LONDON (Reuters) – Almost five years ago, BP embarked on an ambitious attempt to transform itself from an oil company into a business focused on low-carbon power.

The British company is now trying to return to its roots as a big oil and gas player with a growth story to match rivals, revive its share price and allay investor concerns over future profits.

Rivals Shell and Norway’s state-controlled Equinor are also scaling back energy transition plans set out earlier this decade.

Their change of direction reflects two major developments – the energy shock from Russia’s invasion of Ukraine and a drop in profitability for many renewables projects, particularly offshore wind, due to spiralling costs, supply chain issues and technical problems.

BP CEO Murray Auchincloss plans to plough billions into new oil and gas developments, including in the U.S. Gulf Coast and the Middle East, as part of his drive to improve performance and boost returns.

BP has also slowed down low-carbon operations, halting 18 early-stage potential hydrogen projects and announcing plans to sell wind and solar operations.

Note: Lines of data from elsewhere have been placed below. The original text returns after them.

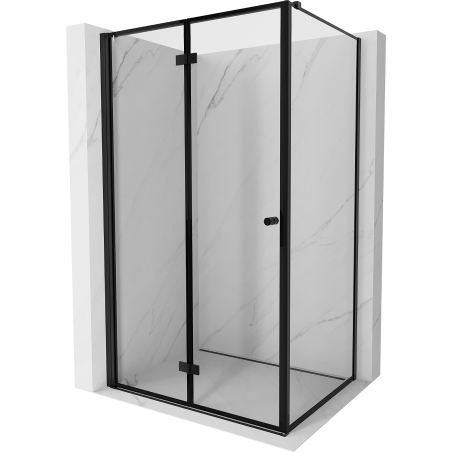 Mexen Mist-F faltbare Duschkabine links 95 x 85 cm, schwarzer Rahmen, schwarz - 8A6T-095-085-70-70-L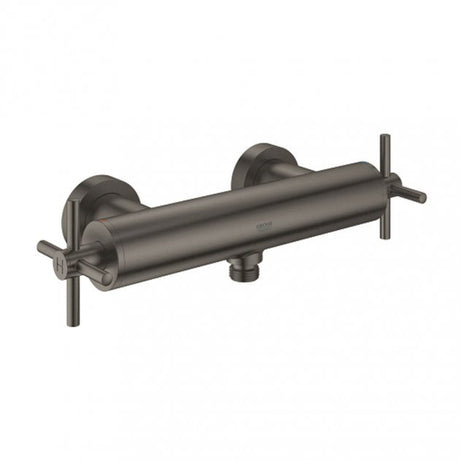 Grohe Atrio Cross Handles Bar Manual Shower Mixer Valve - Brushed Hard Graphite - 26003AL3
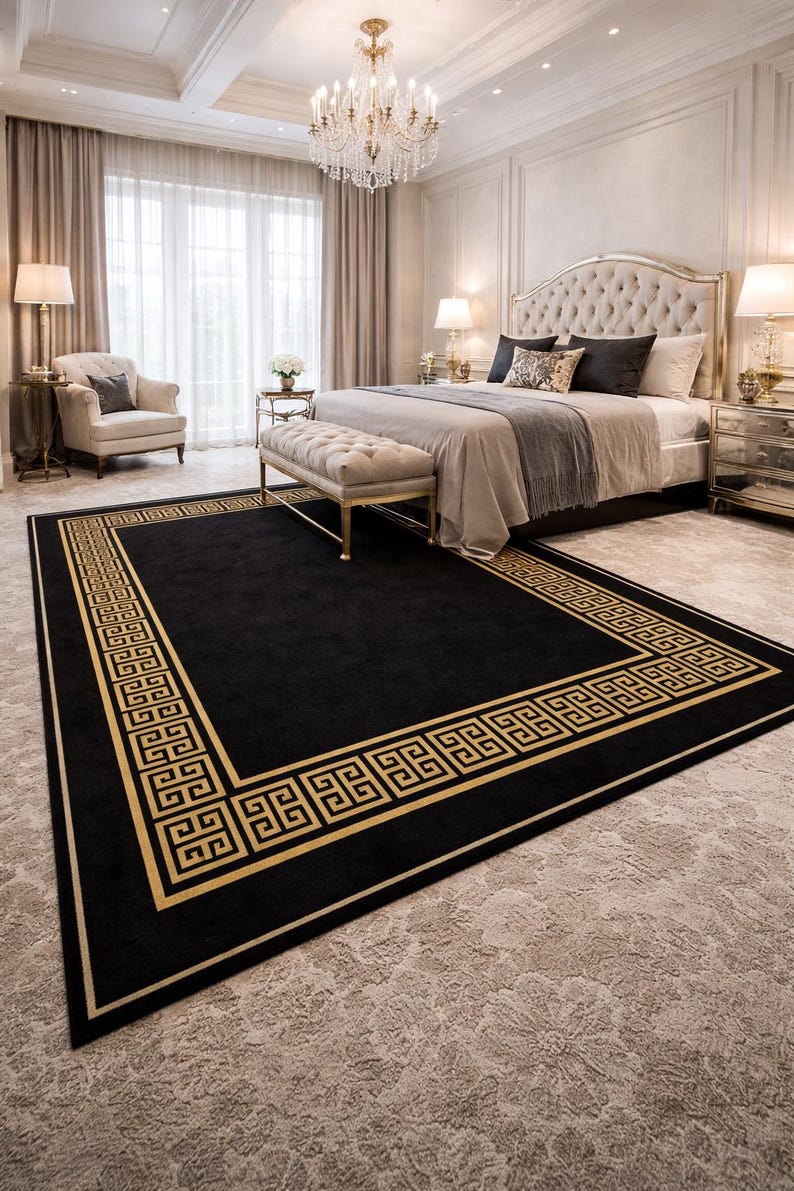 Greek Key Gold Rug Black Gold Rug, Hand Tufted New Zealand Wool Area Rug, Greek Key ...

It has recently cut its hydrogen team in London by more than half to 40 staff, company sources told Reuters.

A BP spokesperson declined to comment on the layoffs.

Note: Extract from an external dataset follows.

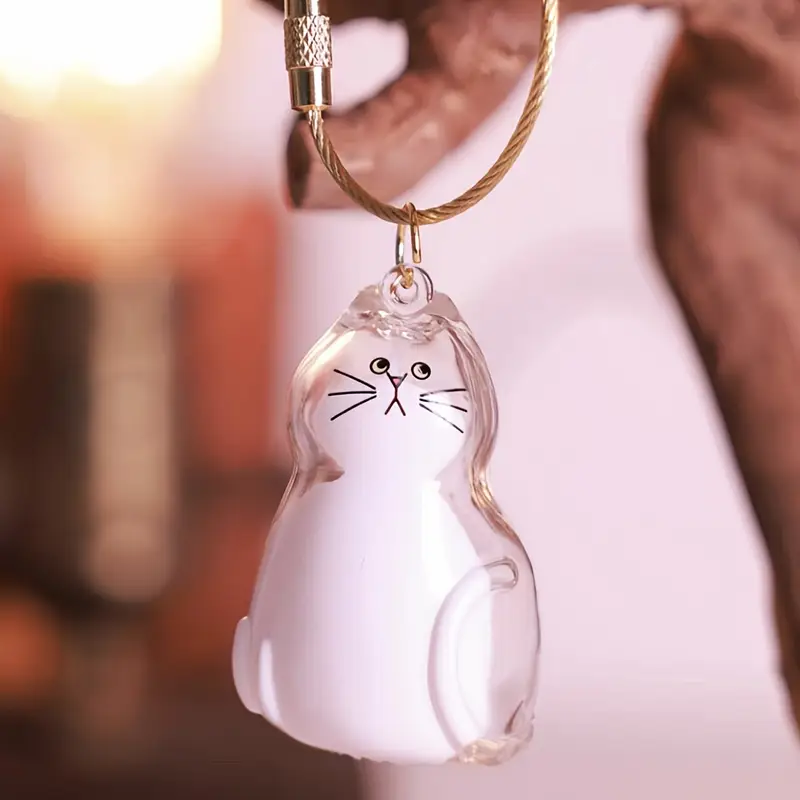 Cat Fur Memorial Keychain Transparent Pet Hair Keepsake Pendant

Shell CEO Wael Sawan has vowed to take a ruthless approach to improve its performance and returns and close a yawning valuation gap with larger U.S. rivals Exxon Mobil and Chevron.

The company has scaled back low-carbon operations, including floating offshore wind and hydrogen projects, retreated from European and Chinese power markets, sold refineries and weakened a 2030 carbon reduction target.

Shell is seeking buyers for Select Carbon, an Australian company it acquired in 2020 which specialises in developing farming projects used to offset carbon emissions, sources close to the company told Reuters.

A Shell spokesperson declined to comment.

SKILL SHORTAGE?

Some BP employees wonder whether the company retains enough staff with the experience and skills necessary to reestablish itself as an oil and gas major.

Employees peppered CEO Auchincloss with questions at an online town hall meeting in early October as he detailed some of his plans for turning the ship around, according to four employees on the call.

He told them BP would and could develop new oil and gas production in a reversal of predecessor Bernard Looney’s strategy to build up renewable generation assets, reduce emissions and slowly cut oil and gas output targets.

In conversations with Reuters, some employees said they doubted BP has enough reservoir engineers to jump-start oil and gas output growth after it let go of hundreds of the upstream division’s employees since 2020.